*** Opening Exercise materials ***

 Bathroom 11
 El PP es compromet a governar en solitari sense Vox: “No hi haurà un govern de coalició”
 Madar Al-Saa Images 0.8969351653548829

*** Closing Exercise materials ***
*** Opening Exercise materials ***

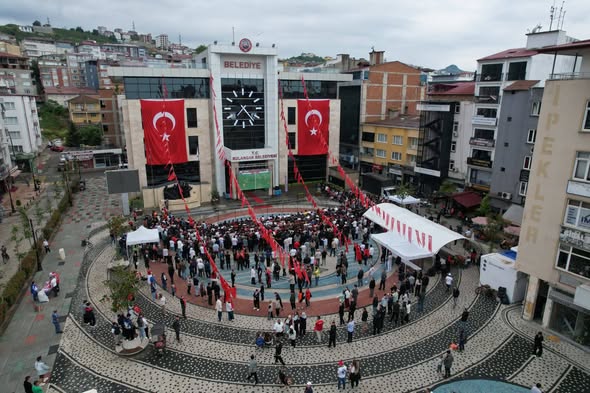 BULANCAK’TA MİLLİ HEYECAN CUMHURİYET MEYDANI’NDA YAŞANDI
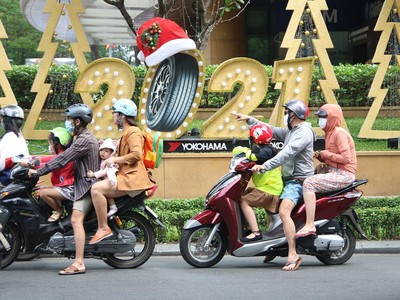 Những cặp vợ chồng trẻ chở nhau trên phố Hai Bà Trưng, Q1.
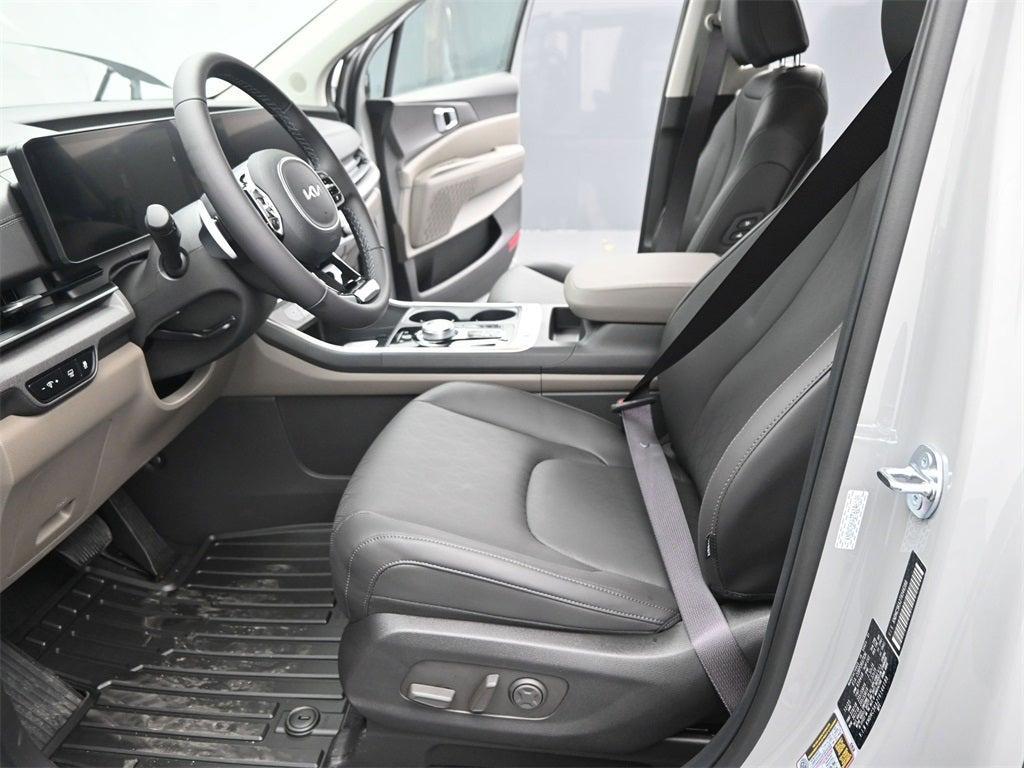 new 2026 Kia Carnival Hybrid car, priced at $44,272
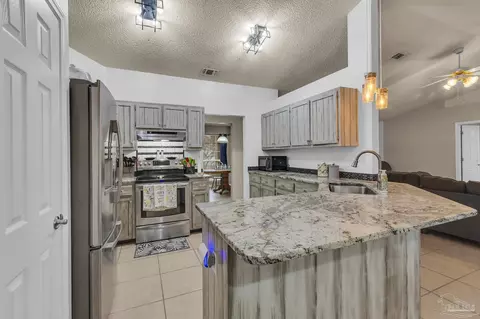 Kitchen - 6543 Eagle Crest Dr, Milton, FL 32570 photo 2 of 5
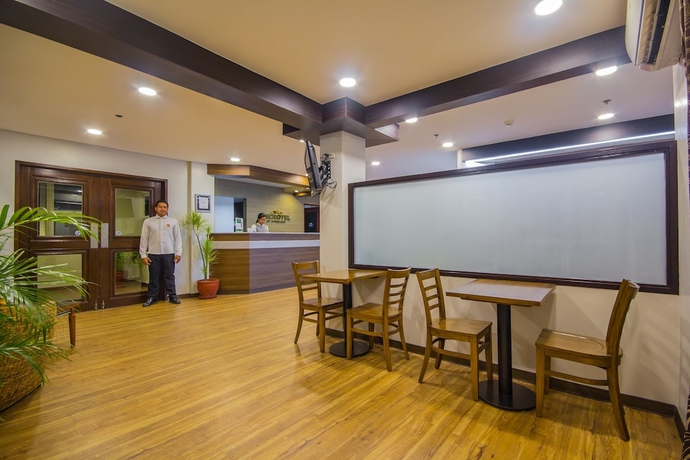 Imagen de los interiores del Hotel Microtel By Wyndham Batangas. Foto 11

*** Closing Exercise materials ***

Could you transcribe exactly the entries above, but only the lines from the one with "Kitchen - 6543" through the one with "Imagen de los", and without pictures?

 Kitchen - 6543 Eagle Crest Dr, Milton, FL 32570 photo 2 of 5
 Imagen de los interiores del Hotel Microtel By Wyndham Batangas. Foto 11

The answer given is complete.